## DIRECTIONS FOR THIS TASK
Below are entries. Give back exactly the lines from the one containing "Step 7: Pass" through the one containing "Now we will", inclusive, without the pictures.

--------------------

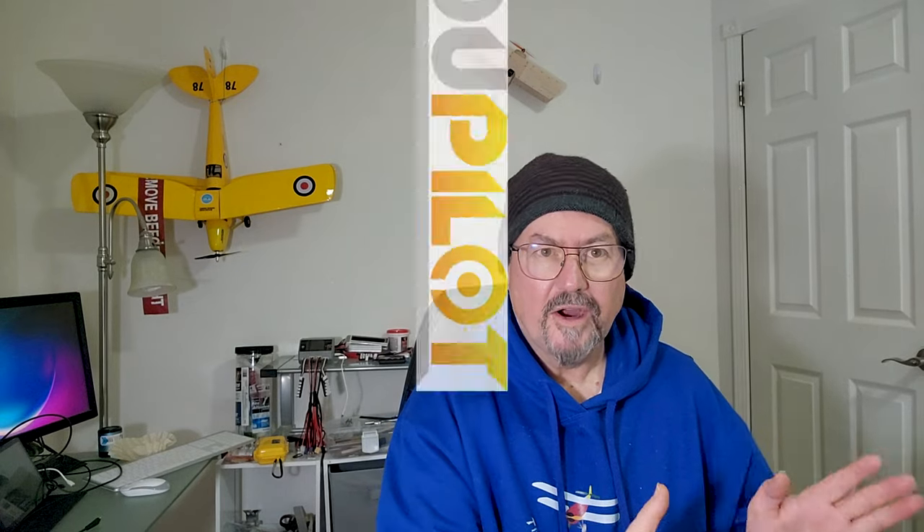Hi everyone, Tim the Plane Man here and welcome to Plane Time Express LRS Arming Edition. This is specifically about Express LRS arming with Ardupilot.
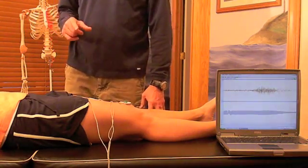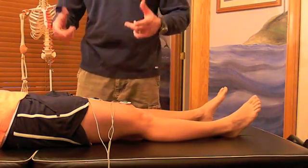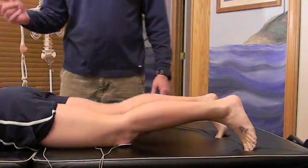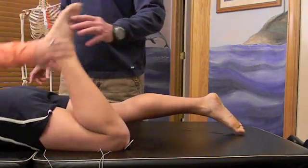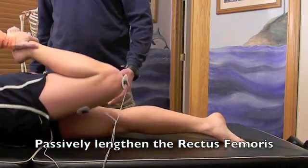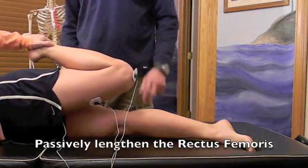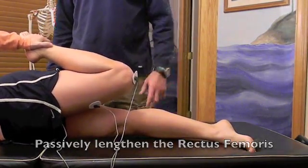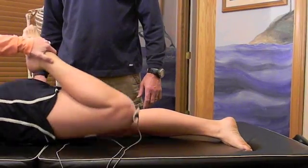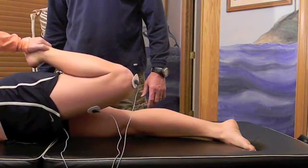Now we're going to do one more stretch, and the difference is we're going to do a passive stretch. Dana's going to flip back over on her stomach. This time Dana is going to forcefully flex her knee farther than it would go on its own and lift her leg farther than it would go on its own to stretch her quadricep passively. We're going to hold that for six — three, four, five, six. Take it one more time — lift and hold, one, two, three, four, five, six. Relax.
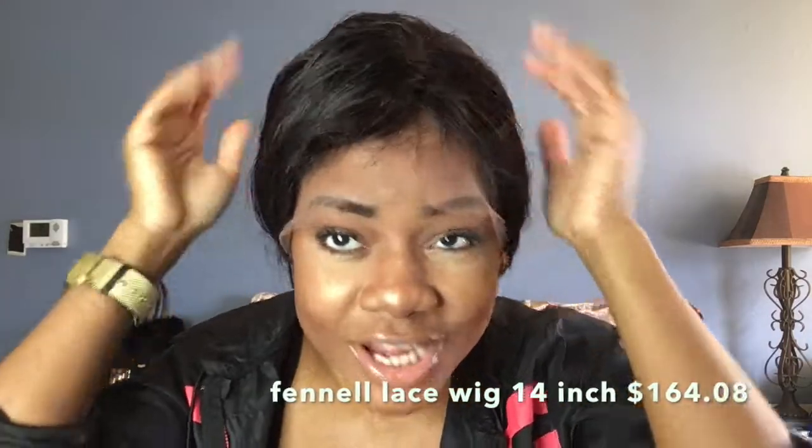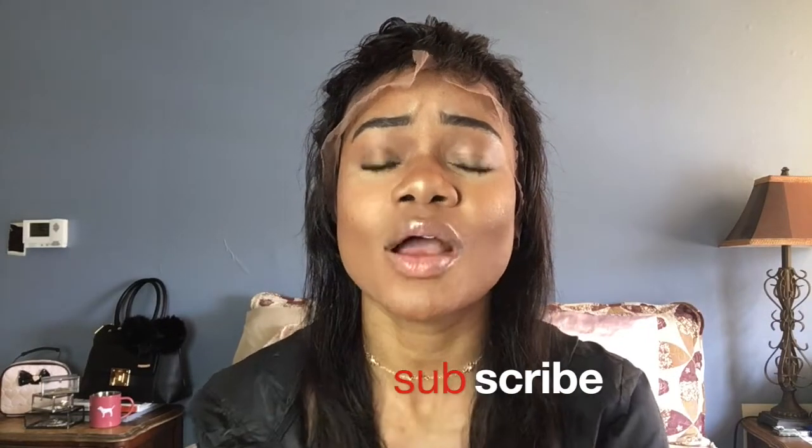This is once again Fennel Lace Wigs. The only downside I have is the lace, as you can see. But overall the hair feels pretty good — it's pretty soft and it's not so bad. You guys look so cute. I'm really feeling myself. Thank you so much for watching my channel, I love you guys — peace out.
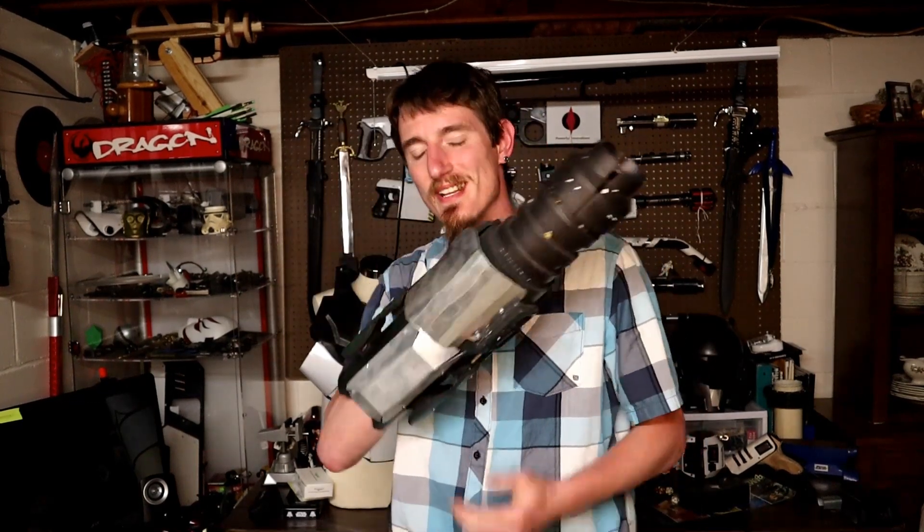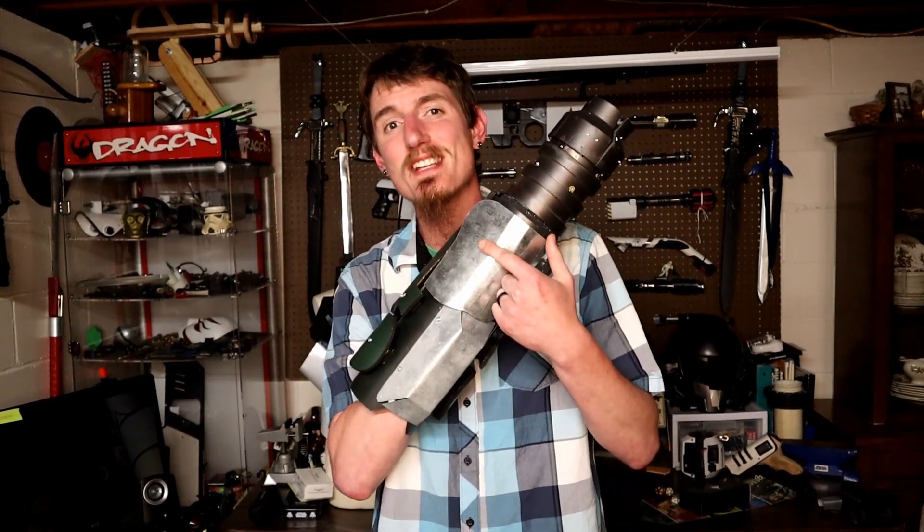Oh yeah, did I mention that this is a modular system? I can put different attachments on the sides here. What kind of attachments would I have? Maybe the most requested attachment you can think of.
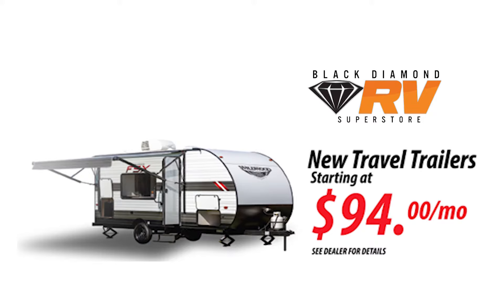Come check out Black Diamond RV's Climate Controlled Showroom. Black Diamond RV will trade for anything. Open seven days a week. Indoor Climate Controlled Showroom with travel trailers starting as low as $94 a month. Lowest prices guaranteed.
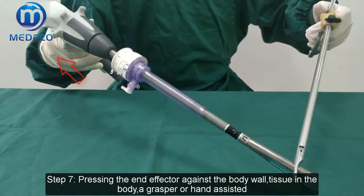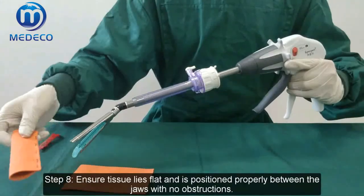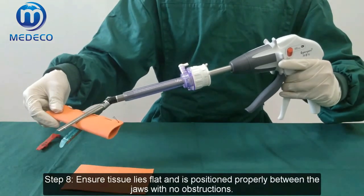Step 7: Pass the end of the instrument against the body wall, whether in the body cavity, near a vessel, or in a hand-assisted approach. Step 8: Ensure tissue lies flat and is positioned properly between the jaws with no obstructions.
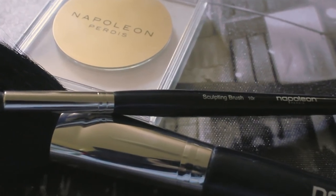If you're someone that finds that your foundation wears off really easily or your skin gets a little bit oily, this is a perfect product for you. The three brushes I'll be using today are the Finishing Powder Brush S25, the Sculpting Brush 10R, which is my favorite brush, and the Smudging and Sculpting Brush 7R.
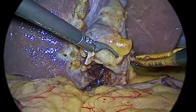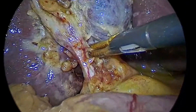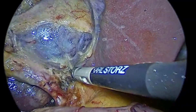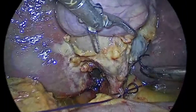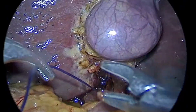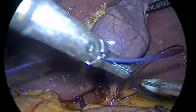The cystic duct seems to be short. I think this is the extent of it, so we do not want to risk going further down. I can see — keeping it so that I do not ligate the confluence of the common hepatic duct and common bile duct. Intracorporeal knotting is not so difficult if you follow the rules.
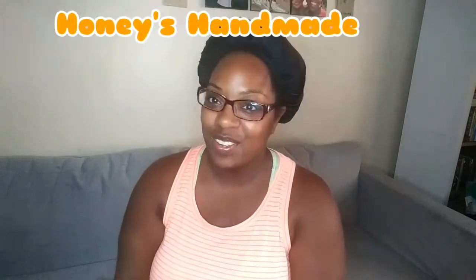Hey YouTube family and friends, welcome back to my channel for another video. If you want to see what I'm unboxing from Honey's Handmade, please stay tuned and keep watching.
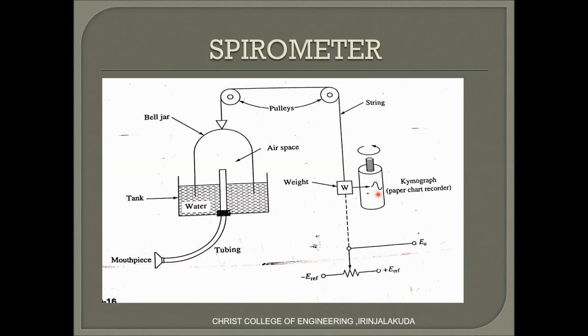Now we will see how it records or plots the waveform while the patient inhales or exhales. In the inhalation process, the patient inserts the mouthpiece into his or her mouth and pumps air inside the lungs. As a result, air in the tank moves into the mouth and atmospheric pressure decreases inside the jar. This results in the bell jar moving towards the tank, causing the weight to move upward and the pen to plot a positive side waveform.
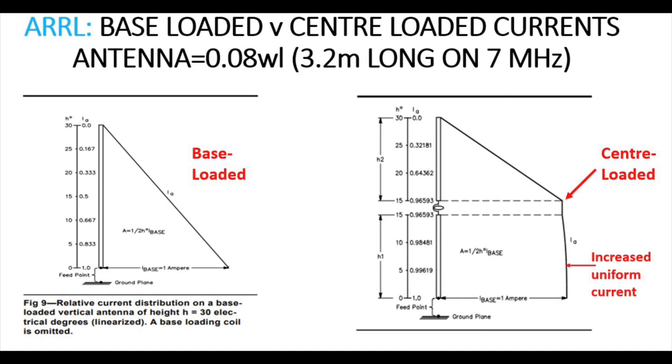Are centre-loaded mobile whips that much better than base-loaded? I released a video a week or two ago looking at using loading coils for short verticals like HF mobile whips. It clearly stated, as we can see in the graphic here — thanks to the ARRL — that when you centre-load an antenna you move the current maximum away from the base and create a more uniform spread of current throughout the antenna's length. That will improve radiation resistance and improve the efficiency of the antenna.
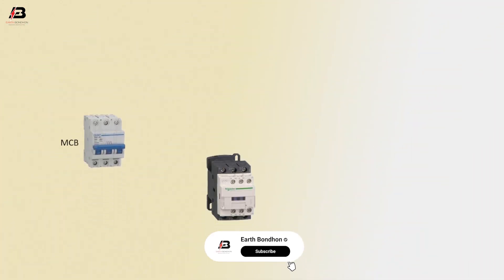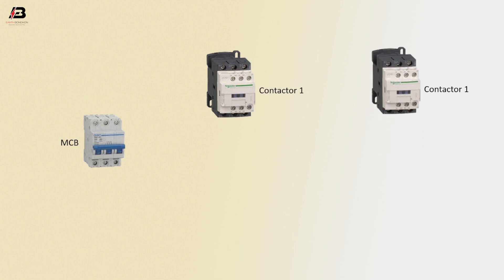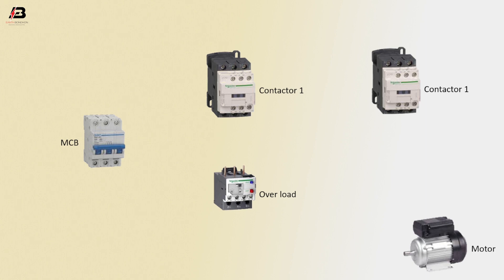MCB circuit breaker, Magnetic conductor 1, Magnetic conductor 2, Overload, Motor.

--------------------

## REPLY TO THE EXERCISE
Step 7: Pass the end of the instrument against the body wall, whether in the body cavity, near a vessel, or in a hand-assisted approach. Step 8: Ensure tissue lies flat and is positioned properly between the jaws with no obstructions.
If you're someone that finds that your foundation wears off really easily or your skin gets a little bit oily, this is a perfect product for you. The three brushes I'll be using today are the Finishing Powder Brush S25, the Sculpting Brush 10R, which is my favorite brush, and the Smudging and Sculpting Brush 7R.
The cystic duct seems to be short. I think this is the extent of it, so we do not want to risk going further down. I can see — keeping it so that I do not ligate the confluence of the common hepatic duct and common bile duct. Intracorporeal knotting is not so difficult if you follow the rules.
Hey YouTube family and friends, welcome back to my channel for another video. If you want to see what I'm unboxing from Honey's Handmade, please stay tuned and keep watching.
Now we will see how it records or plots the waveform while the patient inhales or exhales. In the inhalation process, the patient inserts the mouthpiece into his or her mouth and pumps air inside the lungs. As a result, air in the tank moves into the mouth and atmospheric pressure decreases inside the jar. This results in the bell jar moving towards the tank, causing the weight to move upward and the pen to plot a positive side waveform.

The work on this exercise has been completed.